Solve the equation for b.

db/dx = (e^2x)(e^2b) -- therefore:

db / (e^2b) = (e^2x)dx

Also note that b(0) = 8.

Homework Equations

The Attempt at a Solution

Following a list of steps my teacher gave me to solve these:
1) Integrate both sides.

-0.5 e^(-2b) = 0.5 e^(2x) + C

2) Isolate b.

e^(-2b) = -e^(2x) + C

-2b = ln(-e^(2x) + C)

And here we run into the problem - you can't take ln of a negative value!

If that e^(2x) was positive I would finish the problem like this:

2x + C = -2b

x is 0 and b is 8 so C has to be -16.

And my final answer would be b = -x + 8.

But, I didn't think you could do this if there's a negative inside ln?

 

[SmashtheVan]

The Attempt at a Solution

Following a list of steps my teacher gave me to solve these:
1) Integrate both sides.

-0.5 e^(-2b) = 0.5 e^(2x) + C

2) Isolate b.

e^(-2b) = -e^(2x) + C

-2b = ln(-e^(2x) + C)

And here we run into the problem - you can't take ln of a negative value!

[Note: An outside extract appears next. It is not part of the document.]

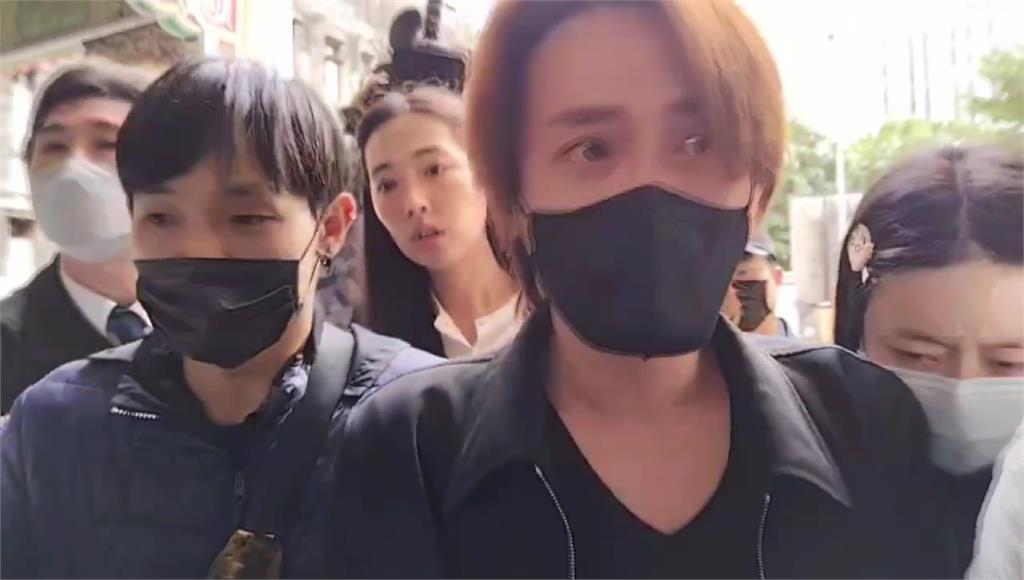 曹西平猝逝 乾兒子殯儀館落淚：先處理好後事再向外界說明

Correct that you can't take a ln of a negative value, but what if C > -e^(2x), then the value would be positive and a natural log can be taken. You can find a solution, but there will be a restriction!

You can solve for the constant at the step that I bolded above by implementing your initial condition

e^(-16) = -(e^(0)) + C

since we know that e^0 = 1,
C = e^(-16) + 1 [tex]\approx[/tex] 1

(e^(-16) is on the order of 10^-7, and I would say that is negligible compared to the 1)

and your solution would be of the form

e^(-2b) = 1- e^(2x) for x>0 (as 0 or any number less would leave the solution undefined)

and if you wanted to, at this step you could take the natural log of both sides and say that the solution is

b= -.5ln(1-e^2x), x>0